Benedict’s concluding remarks are probably of more interest to monks and nuns than anyone else. He refers to what he calls the spiritual craft,(75) for which he has just given us the tools. This is no high-fallutin’ spirituality, all mist and schism, so to say: this is hard labour in the vineyard of the Lord. We are to use these tools ‘unceasingly, day and night’ and render account for them on the day of judgement.(76) If they have been used well, we shall be rewarded. The monastery is likened to a workshop in which we must work carefully.(78) We might take the analogy a little further. Out of the material of our ordinary, humdrum lives it is possible to create something both useful and beautiful, but only if we are willing to serve our apprenticeship, learn our craft and practise it faithfully. For a Benedictine the dimensions of this workshop are precisely stated: they are ‘the enclosure of the monastery and stability in the community.’ (78) Let’s unpack that a little.

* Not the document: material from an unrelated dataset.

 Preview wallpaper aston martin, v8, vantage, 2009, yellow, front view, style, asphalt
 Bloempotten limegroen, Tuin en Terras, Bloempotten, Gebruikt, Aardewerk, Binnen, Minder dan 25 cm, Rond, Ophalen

The enclosure of the monastery may be a constraint to some or freedom to others. Those who live a cloistered or enclosed life (both are technical terms) know how it concentrates mind and heart. To do the same things days after day, in the same setting and with the same people (most of whom, if one is honest, one would not choose to live with), does tend to dispel illusions about oneself. It makes one realise that one is as much put up with as putting; that learning to live charitably within a small group is much harder than generalised goodwill to all people; that to be a Christian is not a question of doing this or that, for the time will come when we are too old or frail to do anything in particular, but to allow the Holy Spirit free rein in our lives. To let go and let God be all in all is, indeed, the work of a lifetime. It is, incidentally, the only craft worth spending our whole lives mastering.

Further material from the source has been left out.